The Arsenaults' car had hurtled across the station lot, grazed a gas pump, and struck Anne's car. It exploded in a blast that lifted it off the ground, shattering the windows of the station. Shards and splinters of debris flew in every direction. Shrapnel tore across the room. So did shredded racks of newspapers, candy boxes, and chintzy souvenirs. The fragments punctured plastic bottles and pressurized aluminum cans, and they sliced through shirts and hats and the flesh of those trapped inside the building. Then a huge fireball erupted in the midst of the wreckage of the two cars outside. A wave of intense heat singed nearby parked cars, and billowing smoke drifted into the station.

Screams and shouts followed the trauma, heard outside first and faintly inside. Shrieks and sobbing followed the recovery of one's senses, the sight of fallen bodies, the spectacle of blood dripping from wounds and seeping through clothing, and the dread of unspeakable consequences.

Paramedics and firefighters arrived on the scene within five minutes. They found that most of the damage and most casualties had been very near or inside the building.

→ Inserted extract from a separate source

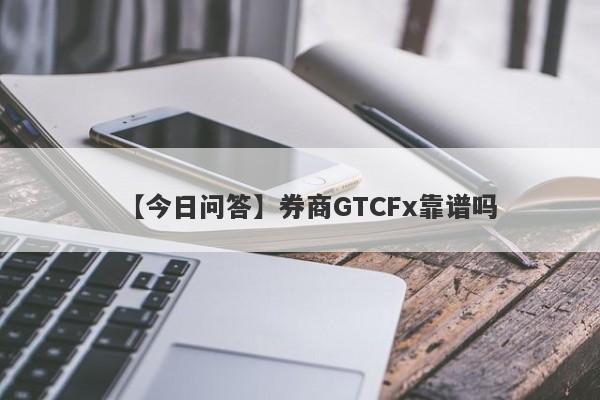 【今日问答】券商GTCFx靠谱吗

The scratch-and-win woman had just stepped away from the counter when the explosion happened. She had turned toward a wall of flying glass and was splattered with fragments. One splinter caught her throat and nicked the jugular vein. She bled heavily. The store clerk escaped serious injury. Her position and a solid counter had shielded her.

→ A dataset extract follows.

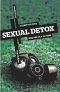 Sexual Detox · A Guide for Guys Who Are Sick of Porn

The man behind Anne was critically injured. The force of the blast had thrown him into Anne, and she was driven headfirst into the service counter. Several others, browsing the displays nearer to the source of the explosion, were hospitalized for severe wounds. One never recovered consciousness and died of burns. It could have been much worse, news reports later claimed, if the station clerk hadn't pulled the emergency fuel shut-off switch for the pumps.

Anne was the last of the injured to be transported by ambulance to the Queen Elizabeth Hospital. She was semi-conscious at the time and rode alone.